We consider the true test as to when a mortgage is a purchase-money mortgage, is not whether it is executed to the vendor, but whether the proceeds are to be used to apply on the purchase price. The rule as generally stated, is that, to give a purchase-money mortgage a precedence, it must have been executed simultaneously, or at the same time, with the deed of purchase. The reason usually assigned for this doctrine is the technical one of the mere transitory seisin of the mortgagor, rather than the superior equity which the mortgagee has, to be paid the purchase money of the land before it shall be subjected to other claims against the purchaser.... [T]he real test is not whether the deed and mortgage were in fact executed at the same instant, but whether they were parts of one continuous transaction, and so intended to be by the parties, so that the two instruments should be given contemporaneous operation in order to promote and carry out the intention of the parties.

We thus find the various authorities on the question of purchase-money mortgages falling into two groups: The one, based upon the position that the execution of the deed and the mortgage being simultaneous acts, the title to the land does not for a single moment rest in the purchaser, but merely passes through his hands and vests in the mortgagee without stopping in the purchaser, and that during such instantaneous passage, the judgment lien cannot attach to the title; while the other is disposed to consider the superior equity which the mortgagee might be said to have for the purchase money which he has advanced. This state has apparently adopted the theory of transitory seisin. However, under either position the result is the same, and purchase-money mortgages given precedence over existing judgments against the mortgagor. [Id. at 386-387, 88 N.W. 397 (emphasis added).]

[11] Our review of decisions from other states revealed two cases that reached contrary conclusions under circumstances similar to those here involved. See C & L Lumber & Supply, Inc. v. Texas American Bank/Galeria, 110 N.M. 291, 296, 795 P.2d 502 (1990) (concluding that "under New Mexico law a mortgage executed for the purpose of paying off a land sales contract is itself not a purchase-money mortgage" because, "[t]o hold that such a refinancing mortgage was a purchase-money mortgage, entitled to priority over all other liens [that already had attached to the vendee's equitable interest under the land contract], would ignore both the earlier attachment of these liens and the possible inequity in subordinating them to the refinancing agreement"); Lorenz Co. v.
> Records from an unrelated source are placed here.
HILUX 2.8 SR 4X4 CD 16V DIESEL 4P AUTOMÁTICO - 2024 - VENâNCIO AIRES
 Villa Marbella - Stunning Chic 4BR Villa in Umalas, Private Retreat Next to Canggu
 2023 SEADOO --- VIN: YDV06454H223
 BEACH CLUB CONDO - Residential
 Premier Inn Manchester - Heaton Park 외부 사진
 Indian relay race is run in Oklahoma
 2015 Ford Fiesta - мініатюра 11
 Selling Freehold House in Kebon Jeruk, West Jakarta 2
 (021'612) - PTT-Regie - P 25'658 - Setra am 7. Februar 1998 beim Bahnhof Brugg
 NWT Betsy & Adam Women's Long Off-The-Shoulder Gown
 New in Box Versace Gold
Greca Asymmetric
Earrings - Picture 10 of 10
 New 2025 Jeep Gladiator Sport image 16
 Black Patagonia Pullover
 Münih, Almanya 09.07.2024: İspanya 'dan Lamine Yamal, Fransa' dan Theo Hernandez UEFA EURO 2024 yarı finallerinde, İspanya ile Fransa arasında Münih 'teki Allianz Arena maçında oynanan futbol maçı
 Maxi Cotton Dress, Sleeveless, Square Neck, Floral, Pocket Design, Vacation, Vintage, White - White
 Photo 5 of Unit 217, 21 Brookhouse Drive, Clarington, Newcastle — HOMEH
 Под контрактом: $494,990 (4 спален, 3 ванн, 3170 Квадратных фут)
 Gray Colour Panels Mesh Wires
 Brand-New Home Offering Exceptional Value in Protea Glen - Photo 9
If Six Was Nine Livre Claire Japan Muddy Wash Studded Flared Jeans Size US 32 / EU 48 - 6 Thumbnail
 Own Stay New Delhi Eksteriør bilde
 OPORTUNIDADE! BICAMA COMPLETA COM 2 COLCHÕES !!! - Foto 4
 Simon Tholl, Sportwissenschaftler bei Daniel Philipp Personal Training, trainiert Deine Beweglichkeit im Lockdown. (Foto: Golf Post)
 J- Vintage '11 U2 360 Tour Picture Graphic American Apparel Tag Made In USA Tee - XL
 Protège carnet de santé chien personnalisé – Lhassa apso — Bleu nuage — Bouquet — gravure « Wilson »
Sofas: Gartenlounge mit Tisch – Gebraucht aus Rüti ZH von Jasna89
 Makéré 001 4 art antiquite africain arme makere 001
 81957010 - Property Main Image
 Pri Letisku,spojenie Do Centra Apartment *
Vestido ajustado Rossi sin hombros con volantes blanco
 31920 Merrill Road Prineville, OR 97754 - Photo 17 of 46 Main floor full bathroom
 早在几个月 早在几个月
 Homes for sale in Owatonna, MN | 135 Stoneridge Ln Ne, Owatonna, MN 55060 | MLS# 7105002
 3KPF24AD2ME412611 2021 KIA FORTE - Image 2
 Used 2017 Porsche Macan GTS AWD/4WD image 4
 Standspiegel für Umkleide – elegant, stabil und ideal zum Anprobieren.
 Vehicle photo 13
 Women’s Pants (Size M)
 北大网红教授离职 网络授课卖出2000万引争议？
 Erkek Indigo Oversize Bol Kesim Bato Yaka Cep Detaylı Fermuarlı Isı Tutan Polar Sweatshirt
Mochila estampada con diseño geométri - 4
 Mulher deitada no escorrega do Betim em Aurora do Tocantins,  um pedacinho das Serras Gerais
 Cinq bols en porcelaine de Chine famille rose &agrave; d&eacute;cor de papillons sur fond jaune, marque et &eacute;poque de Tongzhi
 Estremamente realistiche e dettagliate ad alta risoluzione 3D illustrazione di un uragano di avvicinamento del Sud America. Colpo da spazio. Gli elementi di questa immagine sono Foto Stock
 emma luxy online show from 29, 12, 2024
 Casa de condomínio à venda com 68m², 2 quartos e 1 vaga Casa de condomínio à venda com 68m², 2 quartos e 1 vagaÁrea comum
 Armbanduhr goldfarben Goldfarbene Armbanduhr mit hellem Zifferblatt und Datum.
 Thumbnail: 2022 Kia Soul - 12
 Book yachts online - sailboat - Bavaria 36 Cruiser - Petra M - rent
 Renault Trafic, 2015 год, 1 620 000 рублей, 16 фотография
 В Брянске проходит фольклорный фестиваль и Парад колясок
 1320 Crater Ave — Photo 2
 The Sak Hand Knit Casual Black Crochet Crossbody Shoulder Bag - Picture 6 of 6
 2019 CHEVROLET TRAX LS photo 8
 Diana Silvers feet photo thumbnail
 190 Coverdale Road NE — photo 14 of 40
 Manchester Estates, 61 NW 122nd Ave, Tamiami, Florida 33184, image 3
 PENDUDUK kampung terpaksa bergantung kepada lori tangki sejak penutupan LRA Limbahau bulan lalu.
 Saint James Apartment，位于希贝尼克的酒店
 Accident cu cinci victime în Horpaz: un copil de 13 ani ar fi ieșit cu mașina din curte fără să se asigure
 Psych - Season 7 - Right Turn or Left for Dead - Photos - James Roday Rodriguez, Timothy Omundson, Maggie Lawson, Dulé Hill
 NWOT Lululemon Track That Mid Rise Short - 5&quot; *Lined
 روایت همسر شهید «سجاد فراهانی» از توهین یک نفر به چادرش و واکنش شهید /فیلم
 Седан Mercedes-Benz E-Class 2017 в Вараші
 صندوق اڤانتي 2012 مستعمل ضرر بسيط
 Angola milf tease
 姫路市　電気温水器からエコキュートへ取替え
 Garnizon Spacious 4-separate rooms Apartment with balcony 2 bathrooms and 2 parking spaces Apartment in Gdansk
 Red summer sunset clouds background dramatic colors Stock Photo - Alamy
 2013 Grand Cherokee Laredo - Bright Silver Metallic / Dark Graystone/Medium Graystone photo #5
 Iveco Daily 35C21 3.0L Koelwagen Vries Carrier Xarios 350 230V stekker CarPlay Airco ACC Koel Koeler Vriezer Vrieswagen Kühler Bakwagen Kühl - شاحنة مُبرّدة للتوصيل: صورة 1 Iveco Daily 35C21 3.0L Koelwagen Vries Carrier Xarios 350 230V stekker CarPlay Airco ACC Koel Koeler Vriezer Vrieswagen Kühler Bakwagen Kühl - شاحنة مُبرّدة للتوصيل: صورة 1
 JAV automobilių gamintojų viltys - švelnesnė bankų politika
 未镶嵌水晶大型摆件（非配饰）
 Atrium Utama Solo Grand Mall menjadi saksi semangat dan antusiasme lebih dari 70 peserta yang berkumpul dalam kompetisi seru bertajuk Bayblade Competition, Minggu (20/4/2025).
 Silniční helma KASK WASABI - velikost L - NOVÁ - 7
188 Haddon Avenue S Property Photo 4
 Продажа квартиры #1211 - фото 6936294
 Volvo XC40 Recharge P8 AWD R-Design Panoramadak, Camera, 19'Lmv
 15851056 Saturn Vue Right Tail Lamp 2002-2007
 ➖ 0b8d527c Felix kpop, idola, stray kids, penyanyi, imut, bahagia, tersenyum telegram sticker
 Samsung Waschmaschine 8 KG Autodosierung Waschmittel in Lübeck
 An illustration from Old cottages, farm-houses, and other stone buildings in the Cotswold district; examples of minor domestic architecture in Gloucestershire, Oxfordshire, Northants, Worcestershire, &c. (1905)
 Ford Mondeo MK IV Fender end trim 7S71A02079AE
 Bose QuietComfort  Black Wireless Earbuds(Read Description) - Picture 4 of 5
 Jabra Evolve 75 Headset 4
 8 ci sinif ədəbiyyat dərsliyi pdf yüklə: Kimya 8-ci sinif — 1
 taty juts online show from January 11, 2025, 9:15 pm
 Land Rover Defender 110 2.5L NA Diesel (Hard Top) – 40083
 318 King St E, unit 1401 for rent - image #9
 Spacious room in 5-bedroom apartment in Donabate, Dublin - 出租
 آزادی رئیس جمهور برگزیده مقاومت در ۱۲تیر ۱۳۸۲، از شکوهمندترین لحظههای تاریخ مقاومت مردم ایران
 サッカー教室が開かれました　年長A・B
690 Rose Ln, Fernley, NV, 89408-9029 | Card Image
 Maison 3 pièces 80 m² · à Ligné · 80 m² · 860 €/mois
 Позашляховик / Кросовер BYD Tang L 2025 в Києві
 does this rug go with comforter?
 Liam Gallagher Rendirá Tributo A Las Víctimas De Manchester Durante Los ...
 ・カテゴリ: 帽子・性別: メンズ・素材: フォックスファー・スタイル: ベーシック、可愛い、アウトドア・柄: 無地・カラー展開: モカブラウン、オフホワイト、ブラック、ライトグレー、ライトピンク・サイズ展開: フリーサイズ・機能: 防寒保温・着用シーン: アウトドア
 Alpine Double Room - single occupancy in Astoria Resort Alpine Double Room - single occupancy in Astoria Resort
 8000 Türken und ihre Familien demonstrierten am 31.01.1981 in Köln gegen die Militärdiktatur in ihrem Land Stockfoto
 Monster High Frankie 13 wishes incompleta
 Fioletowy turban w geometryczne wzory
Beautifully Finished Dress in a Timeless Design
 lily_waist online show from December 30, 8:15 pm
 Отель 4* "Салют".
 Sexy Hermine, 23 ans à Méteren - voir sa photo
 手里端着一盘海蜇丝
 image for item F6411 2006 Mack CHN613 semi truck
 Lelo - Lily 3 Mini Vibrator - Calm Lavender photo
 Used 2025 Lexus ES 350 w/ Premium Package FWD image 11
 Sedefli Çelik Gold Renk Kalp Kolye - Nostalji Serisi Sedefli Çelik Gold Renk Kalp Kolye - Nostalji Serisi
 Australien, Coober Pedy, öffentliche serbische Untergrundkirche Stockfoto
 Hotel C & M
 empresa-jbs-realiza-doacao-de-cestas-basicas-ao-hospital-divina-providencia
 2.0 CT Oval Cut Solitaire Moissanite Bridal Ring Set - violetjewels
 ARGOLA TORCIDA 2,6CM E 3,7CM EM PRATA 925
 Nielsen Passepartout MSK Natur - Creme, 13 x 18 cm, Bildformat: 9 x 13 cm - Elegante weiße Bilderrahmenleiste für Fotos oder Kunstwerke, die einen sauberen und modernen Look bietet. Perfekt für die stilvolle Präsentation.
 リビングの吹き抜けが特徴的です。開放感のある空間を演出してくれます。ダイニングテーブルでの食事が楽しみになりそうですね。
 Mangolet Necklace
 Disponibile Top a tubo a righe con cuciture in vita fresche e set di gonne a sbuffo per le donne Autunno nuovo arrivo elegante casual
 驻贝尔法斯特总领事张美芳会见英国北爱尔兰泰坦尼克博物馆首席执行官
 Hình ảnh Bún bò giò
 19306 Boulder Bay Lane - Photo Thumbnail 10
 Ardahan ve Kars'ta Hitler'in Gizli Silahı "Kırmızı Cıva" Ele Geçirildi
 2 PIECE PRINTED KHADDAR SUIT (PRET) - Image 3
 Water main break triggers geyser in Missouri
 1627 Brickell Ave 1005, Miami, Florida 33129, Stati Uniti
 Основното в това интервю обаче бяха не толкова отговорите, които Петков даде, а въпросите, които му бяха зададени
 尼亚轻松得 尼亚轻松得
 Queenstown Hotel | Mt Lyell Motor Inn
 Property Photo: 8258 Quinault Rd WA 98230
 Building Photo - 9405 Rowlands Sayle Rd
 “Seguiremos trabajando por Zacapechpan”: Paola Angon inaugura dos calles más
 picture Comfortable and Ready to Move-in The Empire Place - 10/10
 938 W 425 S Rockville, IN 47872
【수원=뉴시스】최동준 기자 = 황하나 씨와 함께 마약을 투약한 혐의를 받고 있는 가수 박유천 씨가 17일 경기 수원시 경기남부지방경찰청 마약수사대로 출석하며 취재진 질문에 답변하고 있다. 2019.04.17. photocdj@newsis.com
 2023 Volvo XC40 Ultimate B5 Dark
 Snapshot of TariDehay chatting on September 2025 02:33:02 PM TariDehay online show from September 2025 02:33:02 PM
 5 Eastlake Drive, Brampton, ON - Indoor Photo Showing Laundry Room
Gray, 136 Or. 605, 615, 298 P. 222 (1931) (finding that if a purchaser of land under a land contract "is already indebted to the vendor for the price... and then borrows money from a third person for the purpose of discharging this debt, and gives the latter a mortgage on the land, this mortgage is not entitled to the standing of a purchase-money mortgage"). To the extent that these cases stand for the proposition that no mortgage whose proceeds satisfy the mortgagor's obligation to his land contract vendee can qualify as a purchase money mortgage, we decline to follow these cases because we find that the New Mexico and Oregon courts failed to (1) recognize the significant fact that only through the mortgages did the land contract vendees obtain legal title to the properties, and (2) appropriately consider or weigh in their decisions the public policies behind affording purchase money mortgages priority over the earlier lienholders' interests.

[12] We also note that in light of our determination that defendants possessed the priority interest in 72 West End, we need not consider whether Boulder's sale of the property violated the terms of the April 2, 1997 trial court order. See n 4, supra. We also need not address defendants' contention that the doctrine of equitable subordination applies under the circumstances of this case.